The JSON files from CourtListener.com for the Supreme Court of the United States

Primary LanguageJupyter NotebookOtherNOASSERTION

This repository contains the JSON files from CourtListener https://www.courtlistener.com for the Supreme Court of the United States.

The non-profit sponsor of CourtListener, Free Law Project http://freelawproject.org, provides this repository on https://github.com/freelawproject/bulk_scotus in order to foster the creation of a common infrastructure for academic research on legal corpora.

If researchers will contribute back to this repository any corrections or improvements they make to the data, then duplicate efforts may be eliminated.

Free Law Project's practice has been to preserve the original format in which it received the document and to open source any tools used to process documents.

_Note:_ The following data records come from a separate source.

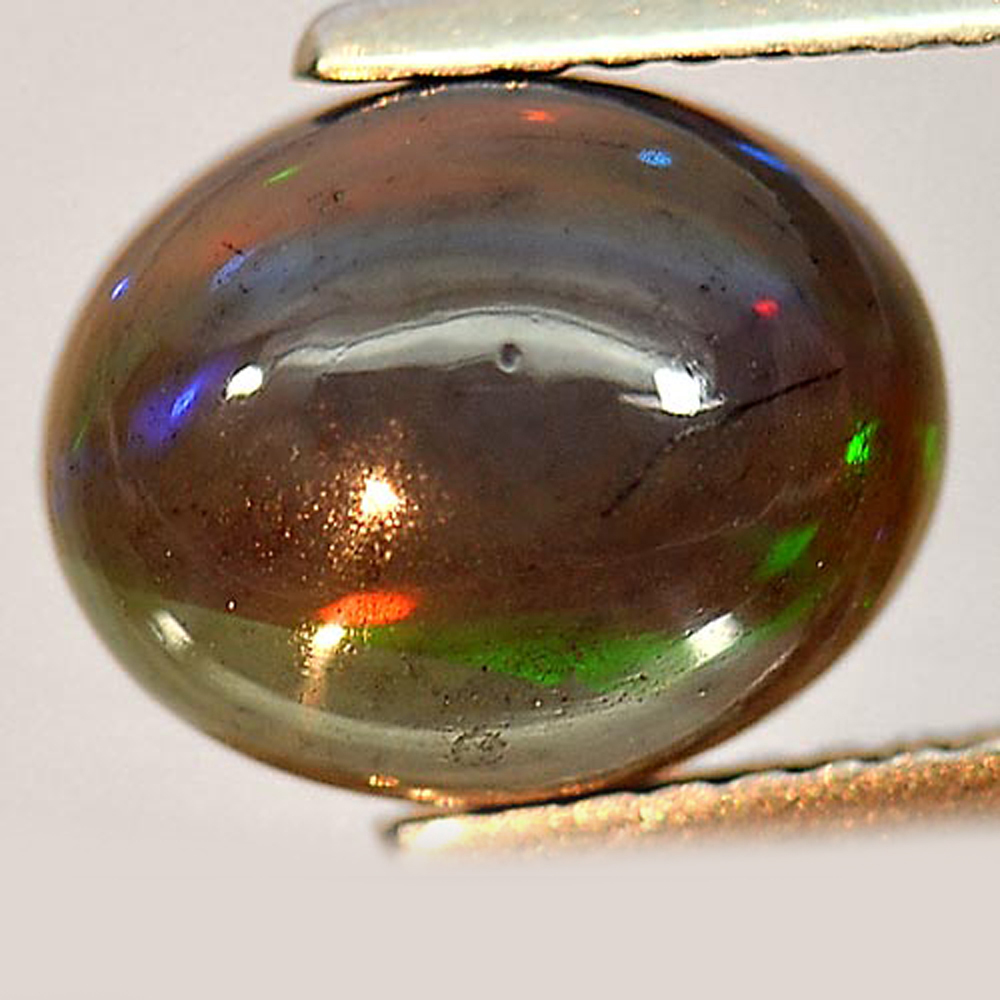 Opal Multi-Color 1.86 Ct. Oval Cabochon Shape 10 x 8.1 Mm. Natural Gemstone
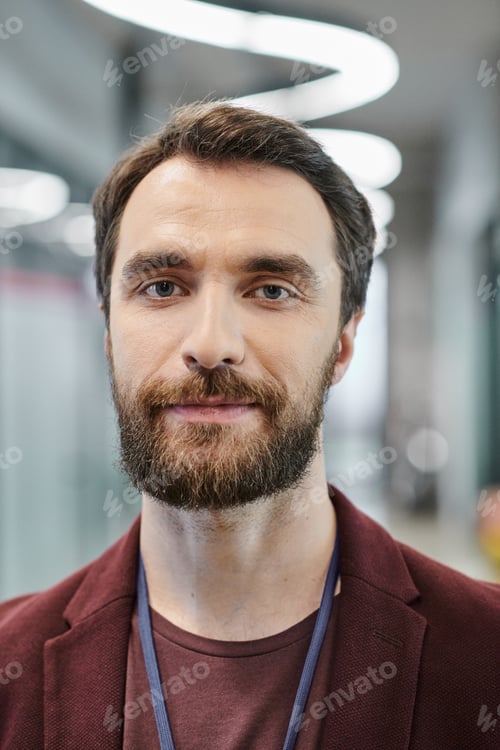 Preview: portrait of confident bearded entrepreneur looking at camera in modern coworking office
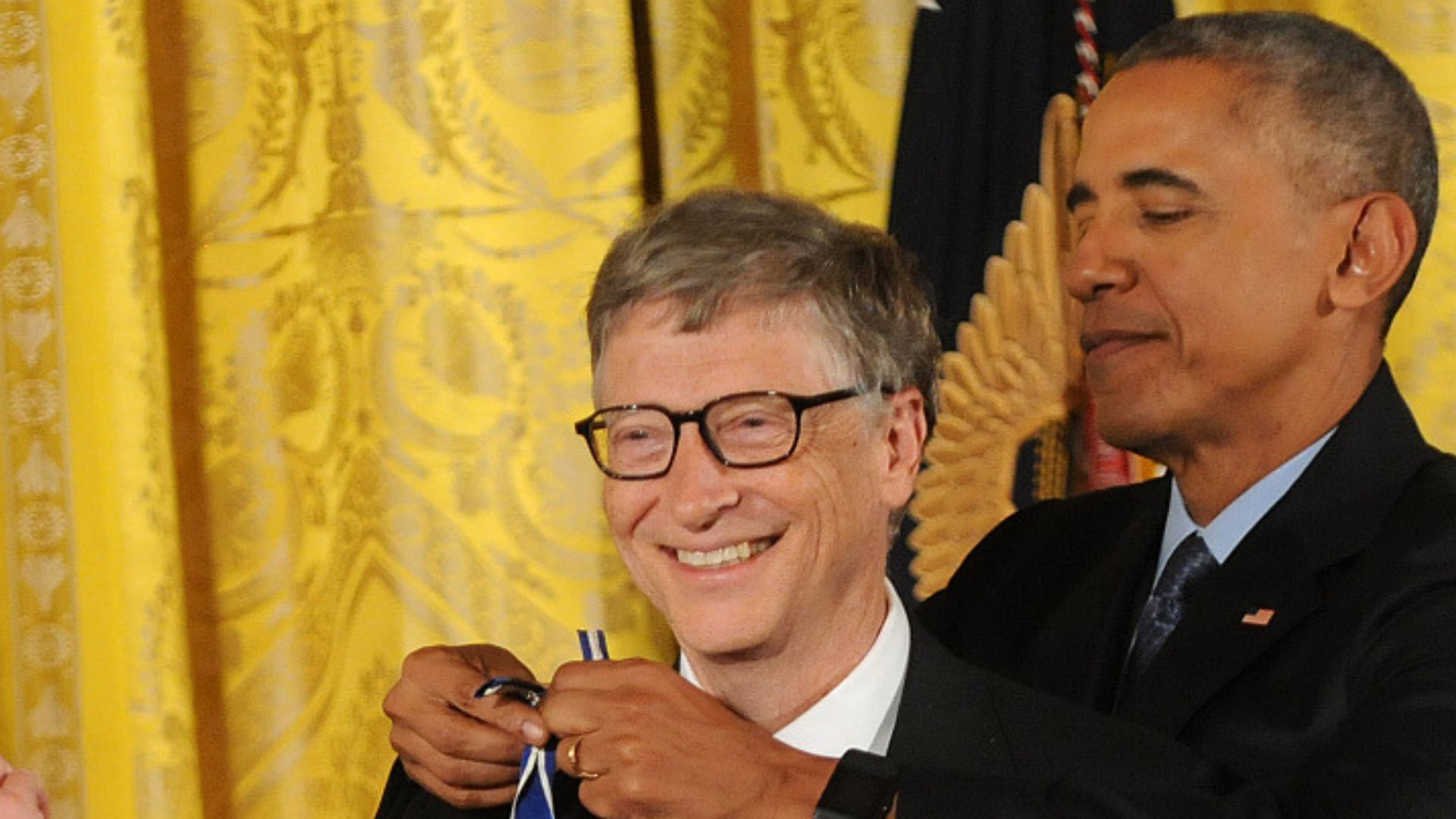 Barack Obama uses his dominant left hand to tie the ribbon of fellow southpaw Bill Gates's Medal of Freedom. /Paul Hennessy/Polaris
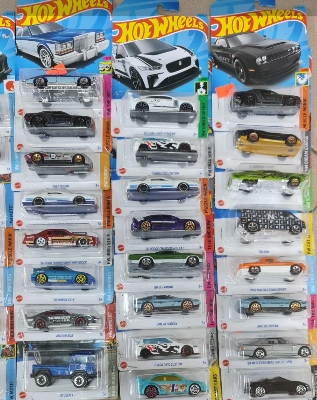 Picture of Hot Wheels new collection 2024 Basic Car H Assortment, 1 Mini Cars in Box Sale, Ages 3 and UpMcLAREN F1 GTR hot wheels made in Malaysia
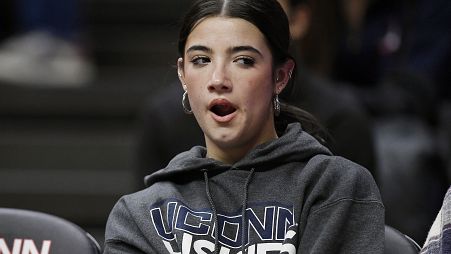 TikTok star Charli D'Amelio yawns during an NCAA college basketball game between Connecticut and Seton Hall, Wednesday, Feb. 16, 2022.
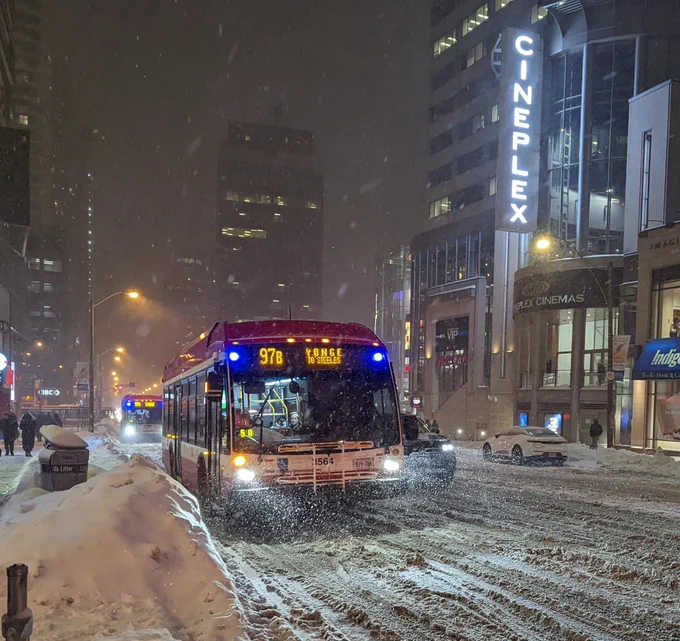 two buses in a row on a snowy city street, as snow falls during the night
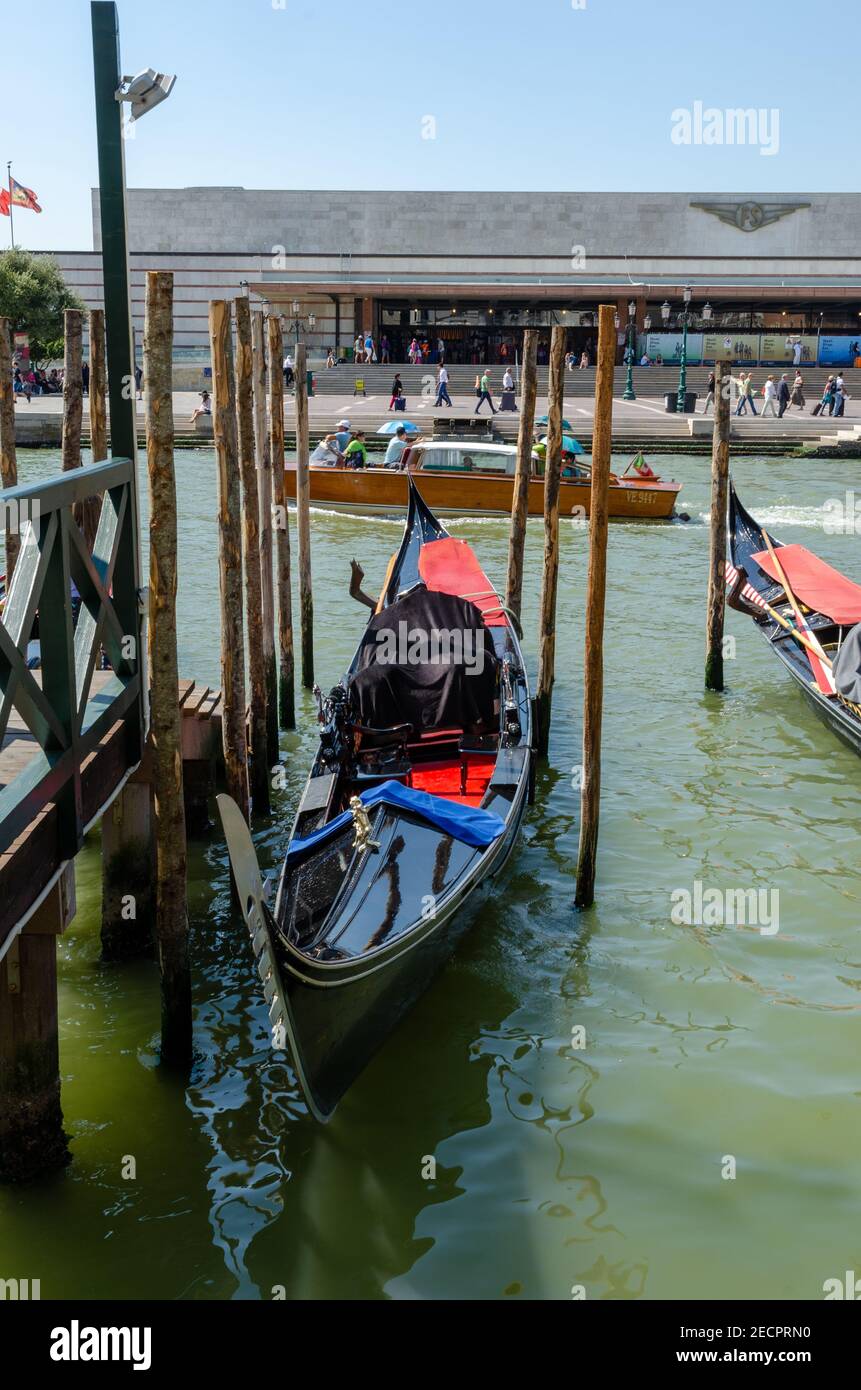 Leere Gondel links zwischen den Pylonen im Wasser des Canale Grande, Venedig, Italien. Stockfoto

So, in the JSON files within this repository you will find both a "source" field that indicates where Free Law Project acquired the document and numerous additional fields representing the original formats Free Law Project has encountered from various sources.

For example, Free Law Project received over 1 million opinions from LawBox in HTML format and these are preserved, as acquired, in the field: html_lawbox. Free Law Project received thousands of opinions from Public.Resource.Org in HTML format. These are preserved, as acquired, in the field: html.

But Free Law Project has made thousands of corrections and improvements to the documents it has received. These are reflected in the metadata contained within these JSON files and in the html_with_citations field.

CourtListener creates the fields plain_text and html_with_citations. The field, plain_text, is created so that CourtListener can put plain text in its search engine. The html_with_citations field holds CourtListener's display version of the document. The CourtListener system processes incoming documents for citations and then hyperlinks the citations to its copies of those cited opinions. The html_with_citations field will contain these hyperlinks.